[Task data — start]

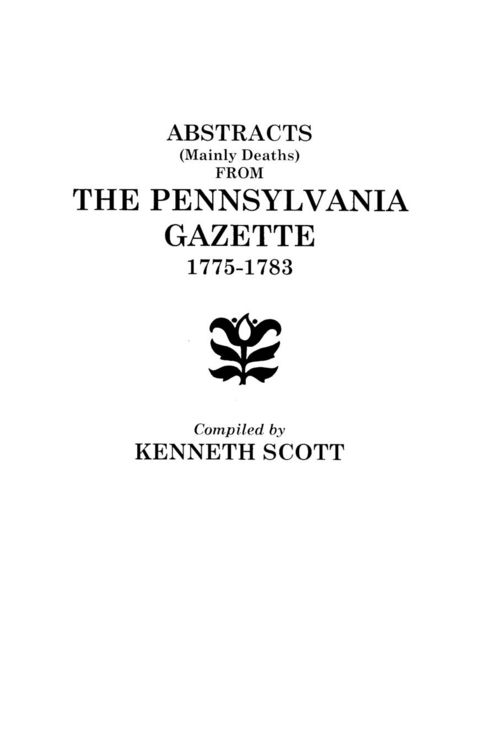 Produktbild: Abstracts (Mainly Deaths) from "The Pennsylvania Gazette", 1775-1783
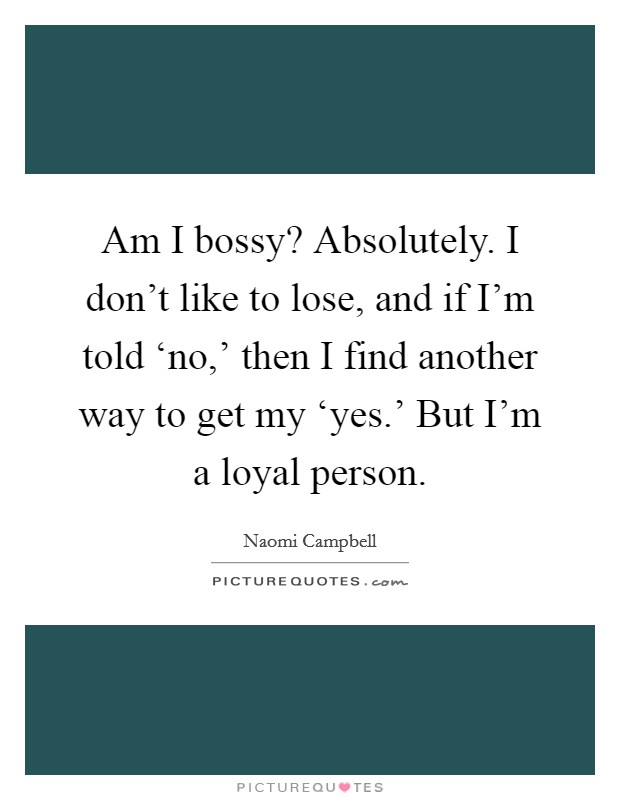Am I bossy? Absolutely. I don't like to lose, and if I'm told ‘no,' then I find another way to get my ‘yes.' But I'm a loyal person. Picture Quote #1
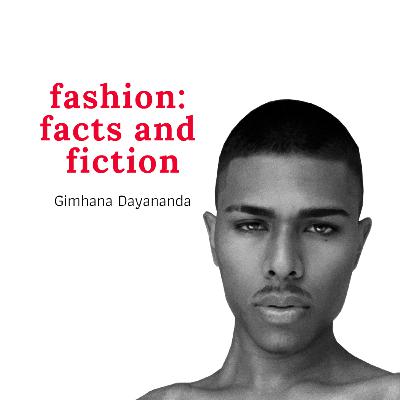 Fashion: Facts and Fiction | S01E16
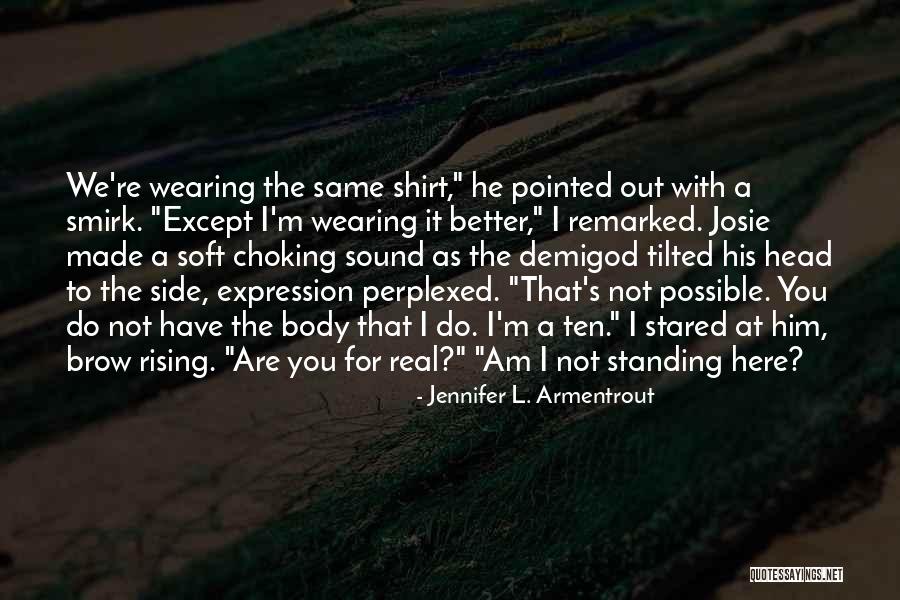 Parque Quotes By Jennifer L. Armentrout Parque Quotes By Jennifer L. Armentrout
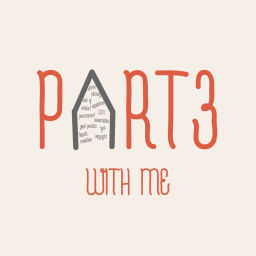 Podcast thumbnail for Part3 With Me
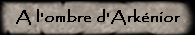 A l'ombre d'Arknior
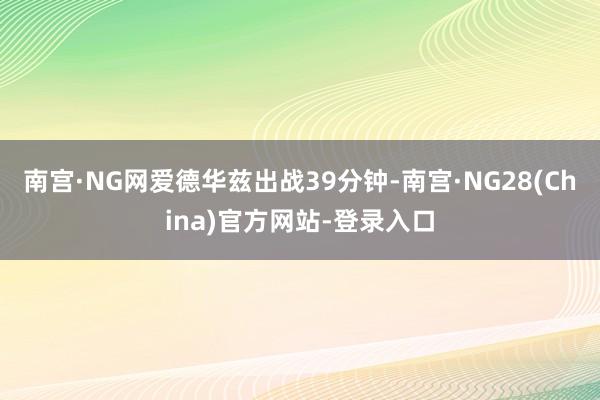 南宫·NG网爱德华兹出战39分钟-南宫·NG28(China)官方网站-登录入口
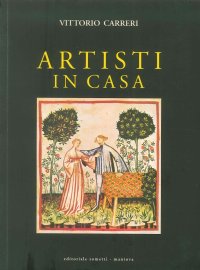 Immagine copertina libro Artisti in casa. Amori, passioni, ricordi, curiosità, proposte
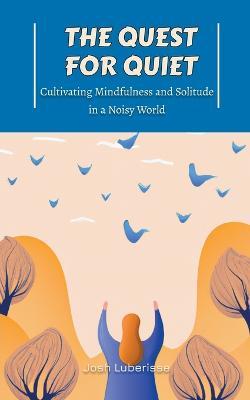 The Quest for Quiet: Cultivating Mindfulness and Solitude in a Noisy World - Josh Luberisse - cover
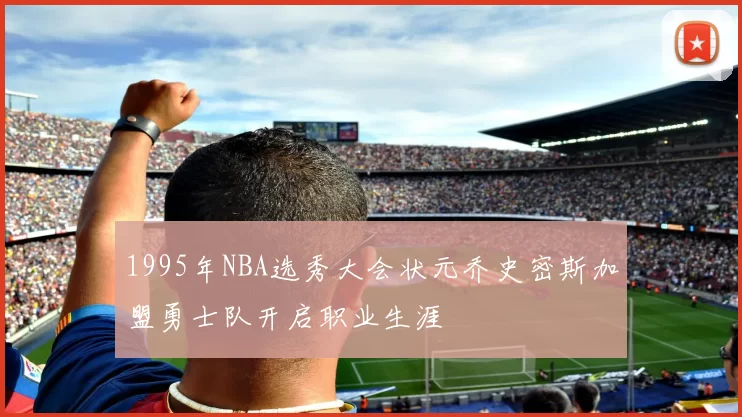1995年NBA选秀大会状元乔史密斯加盟勇士队开启职业生涯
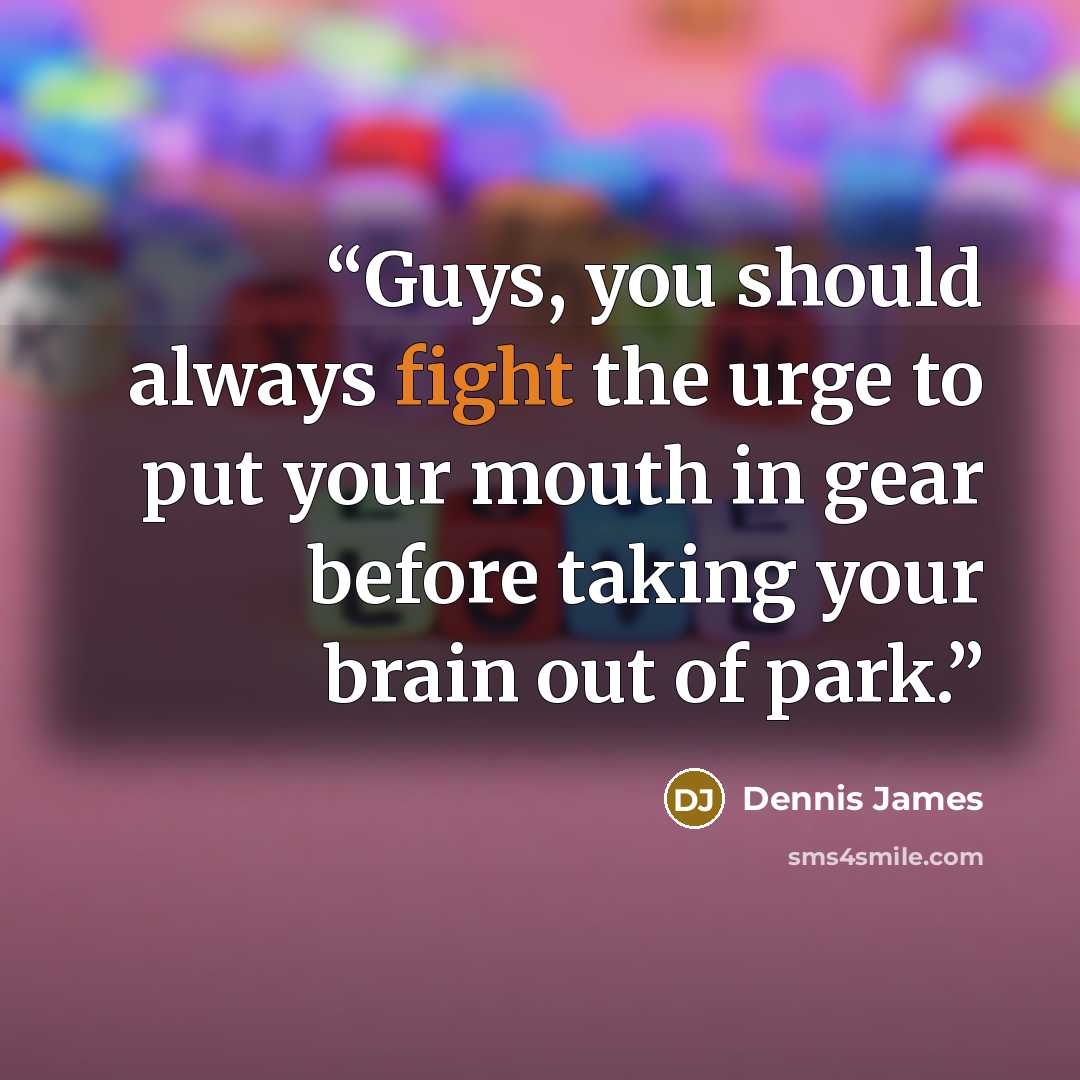 “Guys, you should always fight the urge to put your mouth in gear before taking your brain out of park.” quote by Dennis James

[Task data — finish]

▶ **Exercise objective**
Could you copy out every record exactly, minus the pictures?

▶ **Finished exercise**
 Produktbild: Abstracts (Mainly Deaths) from "The Pennsylvania Gazette", 1775-1783
Am I bossy? Absolutely. I don't like to lose, and if I'm told ‘no,' then I find another way to get my ‘yes.' But I'm a loyal person. Picture Quote #1
 Fashion: Facts and Fiction | S01E16
 Parque Quotes By Jennifer L. Armentrout Parque Quotes By Jennifer L. Armentrout
 Podcast thumbnail for Part3 With Me
 A l'ombre d'Arknior
 南宫·NG网爱德华兹出战39分钟-南宫·NG28(China)官方网站-登录入口
 Immagine copertina libro Artisti in casa. Amori, passioni, ricordi, curiosità, proposte
 The Quest for Quiet: Cultivating Mindfulness and Solitude in a Noisy World - Josh Luberisse - cover
1995年NBA选秀大会状元乔史密斯加盟勇士队开启职业生涯
 “Guys, you should always fight the urge to put your mouth in gear before taking your brain out of park.” quote by Dennis James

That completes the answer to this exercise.